It’s better to ask forgiveness than permission. How often have you heard this quoted, often with a laugh, to justify when someone just wants to do whatever they want to do? Does it mean that you should break the rules, or is it just an excuse someone uses when they don’t like the rules? As all project managers know, rules, policies, and procedures exist for good reason. They protect us, they help us coordinate, and they can save us time and effort by providing repeatable processes to follow. Companies create processes to help keep things organized and focused on the bottom line. The list of good reasons is long. We are all familiar with them. We even invoke them when we create the rules ourselves. The problem comes in when the rules are followed without thought or consideration. A poor manager follows the rules blindly regardless of the outcome. A true leader understands when to act outside the rules.

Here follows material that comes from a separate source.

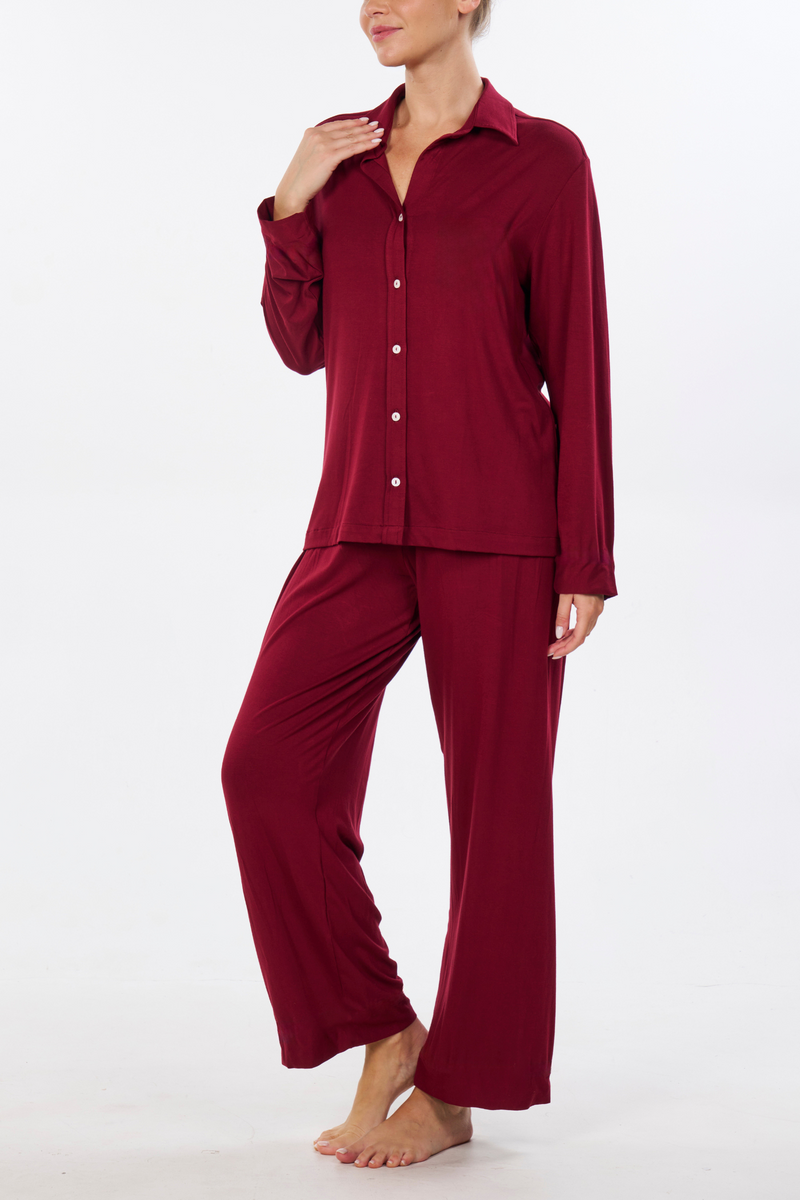 Burgundy Bamboo Pajama Set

I have mentored many project managers over the years. One of the most common challenges comes when the project manager knows that the existing process will not produce the best outcome for the project, but none the less adheres strongly to the process. Often it’s because he fears that not doing so will harm his career or position in the organization, bringing disciplinary action of lack of promotion. He dismisses any negative outcome for the project as “not his fault”, insisting that it will be accepted as an appropriate result. There are definitely times when this is true. However, to really become a leader, it is critical to develop the ability to know when it is appropriate to break the rules, and to understand the appropriate strategy for doing so. The world is not a black and white, yes or no, binary options kind of place – processes and rules cannot possibly account for every possible situation. In order to succeed, we must learn how to work the uncertainties, push the boundaries, and identify when the rules need to be changed, or even broken, to reach the desired outcome.

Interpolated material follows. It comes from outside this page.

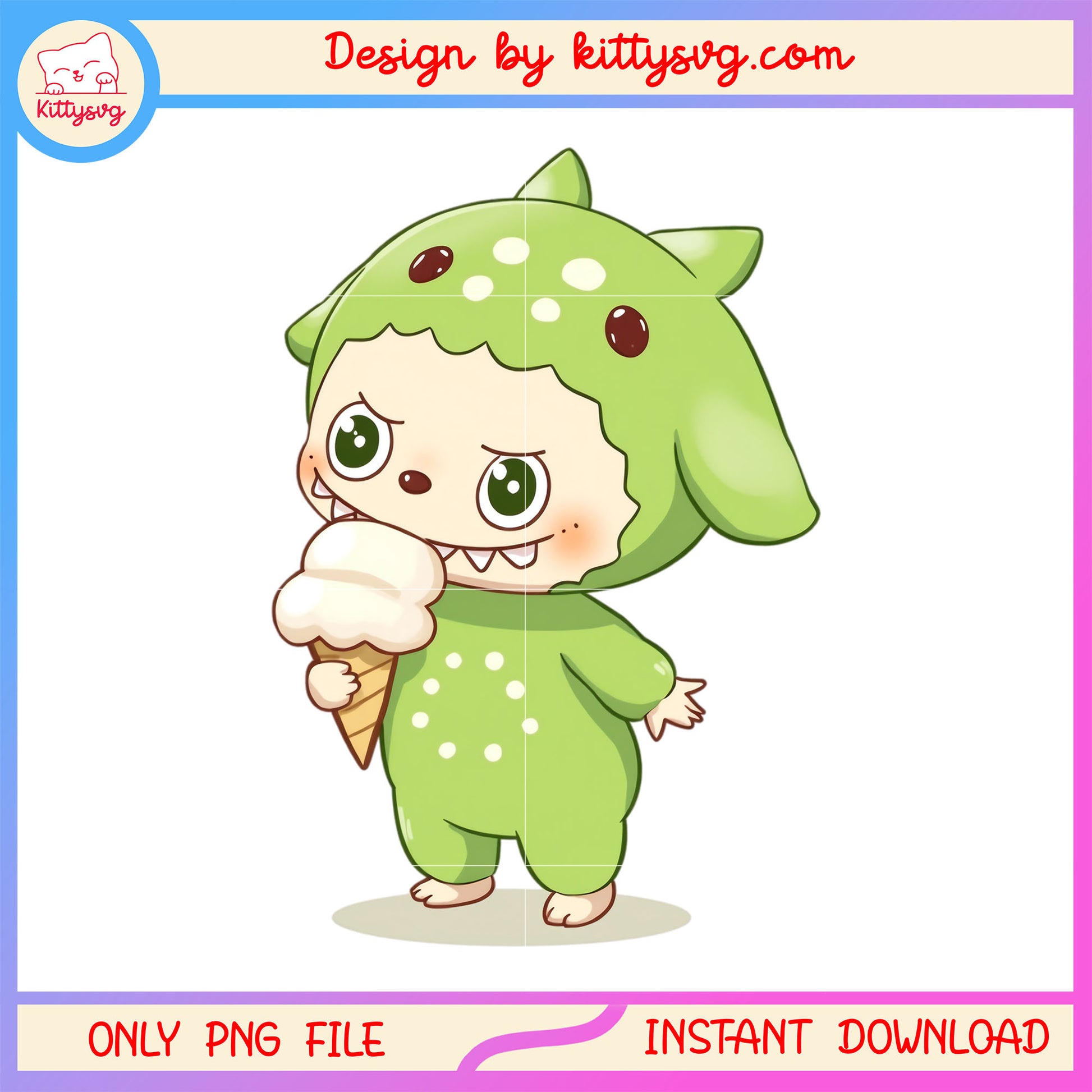 Cute labubu green with ice cream design png, labubu clothes png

Know the reason and intent of the rule. Before you can effectively diverge from an existing policy, you must understand what the rule is intended to promote. It is only by understanding this can you identify where your alternative course of action diverts from the rule and what the impact of your decision may be. This way you can look for opportunities to limit the impact of the action, or promote changes to the rule to address the new situation. For example, a standard process may be too expensive for a small project – you can propose a more limited approach that is better aligned to project resources.
Understand organizational priorities. By researching the big picture and what is most important to your company and the project sponsors, it demonstrates your executive thinking, and that you can show that while you will not be following a particular policy, you have made this decision in the best interest of the organization and the project, and can defend your decision in such a way that it can be supported by your sponsors and managers.
Document the reason for your decision. Define a clear justification for the action you want to take and be comfortable defending it. It will be your understanding of the intent of the rule, your consideration for the organization, and the clear reasoning for why this is the best course of action that will support your actions. Using a decision matrix approach, show the top options, what the expected outcome would be if the rule would be followed, and the expected outcome of the preferred response.
Make sure your entire team is on board, including stakeholders. Some team members won’t be comfortable breaking the rules, but if they trust you as a leader, and you have a track record of protecting and supporting your team, they will accept that this action is part of your responsibility as the project manager, and that “You’ve got this”. Ideally, if you can, also let your stakeholders know ahead of time what you intend to do, and share your analysis with them ahead of time.
Ideally, you can present your decision to management, stakeholders, and team members prior to taking action. But even if you need to make a unilateral decision, you must conduct this analysis to be sure that your decision is one you can support and defend after the fact as well. Not only will this protect you, but will also demonstrate your leadership skills. You will have shown the ability to make the hard decisions in a professional, knowledgeable way – a critical skill for successfully navigating large, complex projects. You will also be providing valuable input to improve existing procedures. Make breaking the rules into the art, and the science, of good decision making.